Cigarros

De noche, cuando todos los coches vecinales están bien aparcados y apenas quedan dos o tres luces insomnes en el bloque de pisos, Blanca fuma su último cigarro del día antes de irse a dormir, en un ritual placentero y suicida que hunde sus pensamientos en una conversación consigo misma, conversación hecha del silencio de las calles desiertas y mojadas por la lluvia, del silencio sonoro de alguna vespino adolescente que se marcha a lo lejos y árboles quietos, del silencio de la luz de farola desdibujada por el humo de sus caladas y su perdida mirada en torno de un recuerdo.

Si el recuerdo es grato se sonríe, si es doloroso frunce el ceño, si es un reproche arrojará el cigarrillo más tarde con rabia pared abajo, como para deshacerse de él tras haberlo apagado con desdén.

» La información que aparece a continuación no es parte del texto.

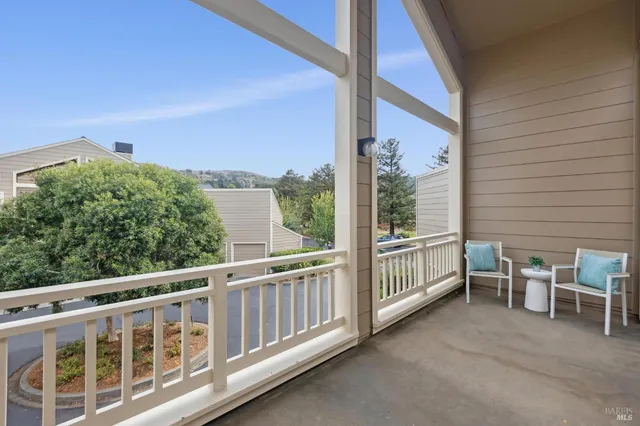 $1,549,000 | 64 Parkview Circle, Corte Madera, CA 94925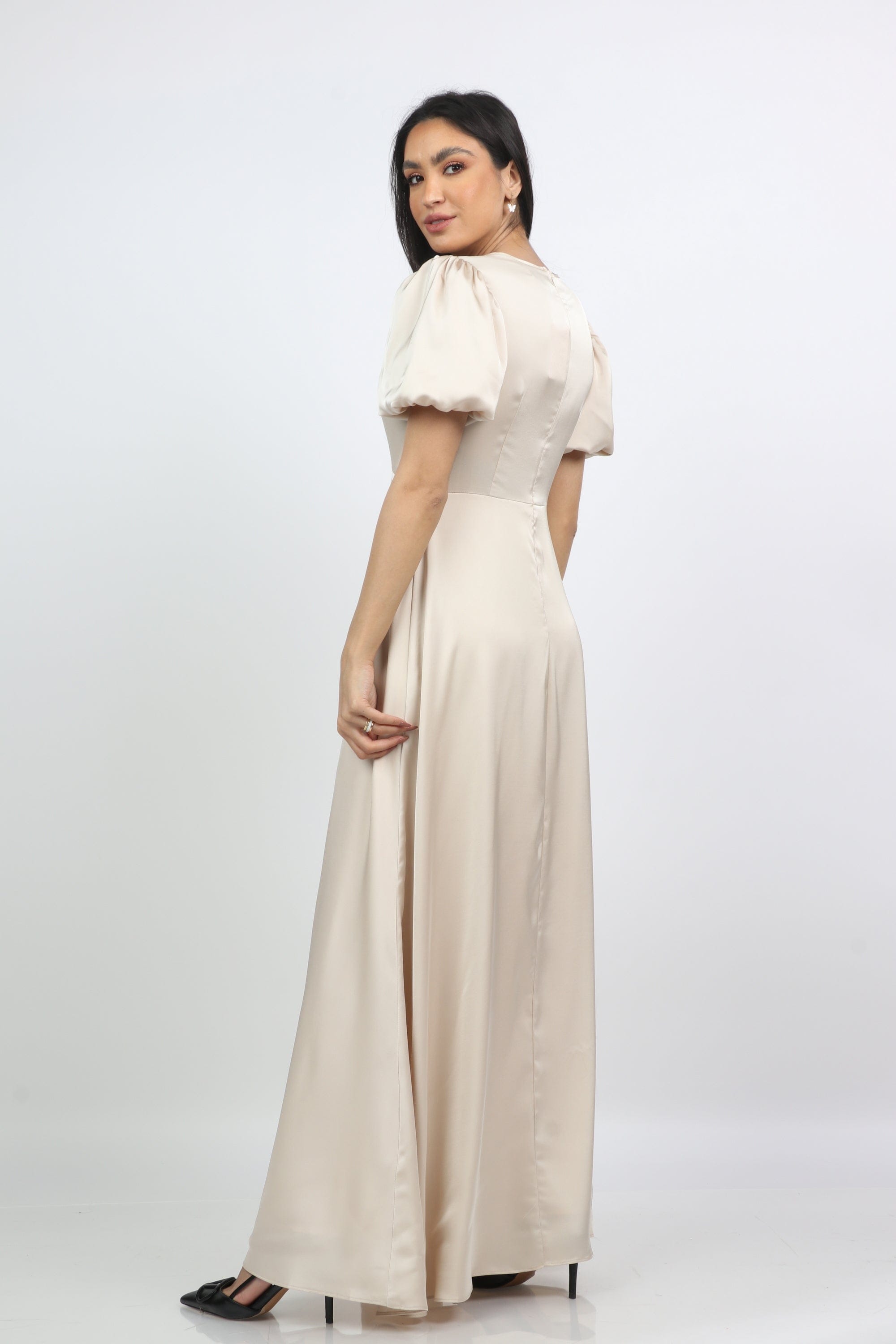 نتشي فستان طويل سادة ناعم مخصر كم قصير منفوخ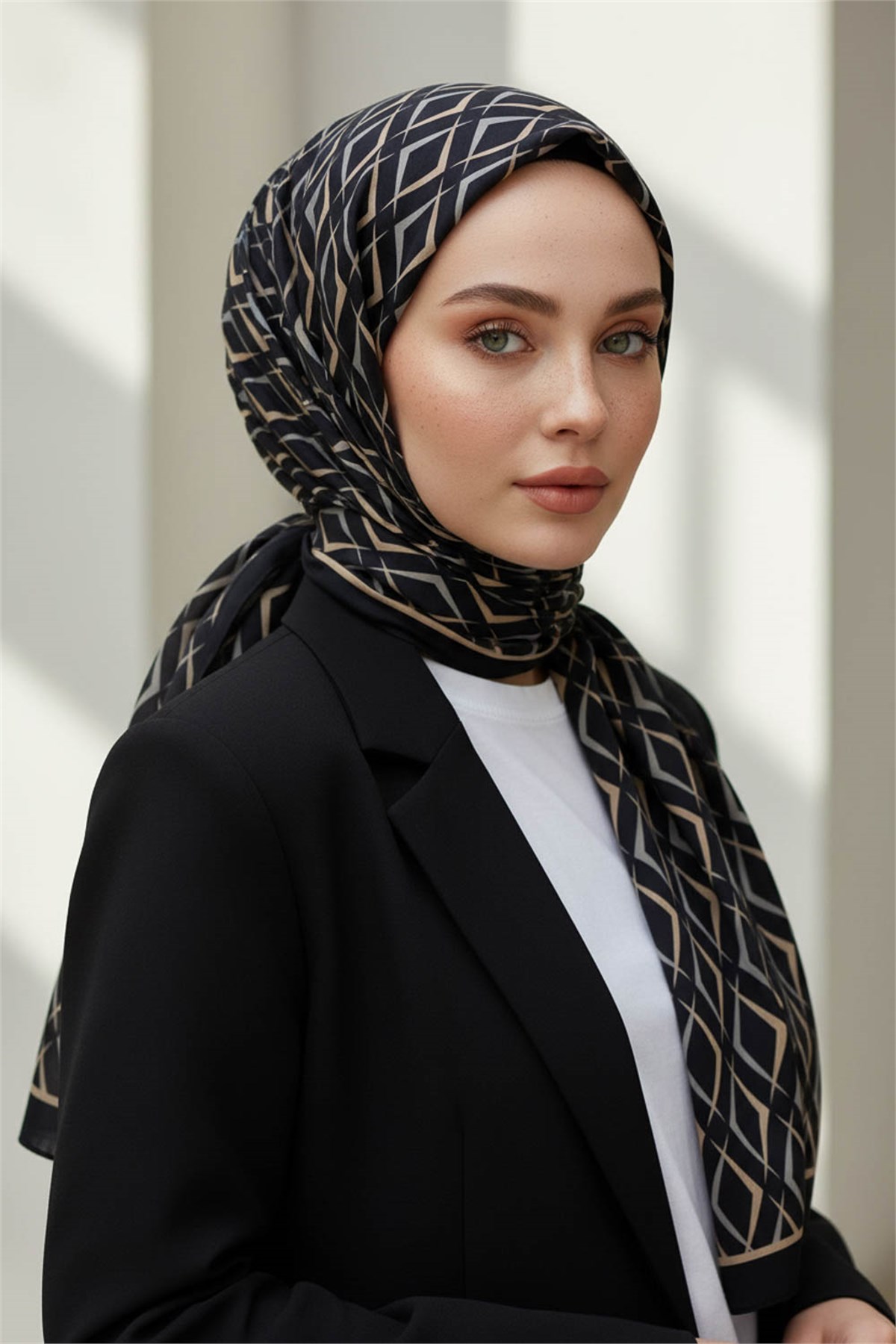 KREP GEOMETRİK DESENLİ SİYAH - BEJ RENKLİ 75X195 KIRIŞMAZ ŞAL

Mientras, al otro lado del mundo, el escritor la recuerda y trata de dibujarla con palabras en cada cosa que escribe como si así pudiera estar con ella todavía. Y es la suma de esos silencios tan alejados, tan singularmente lejanos el uno del otro, lo que podría llamarse amor. Pues ni siquiera sabe si ella sigue asomándose cada noche como entonces, pero eso no importa, porque basta que él escriba en un papel las cosas para que no dejen de suceder.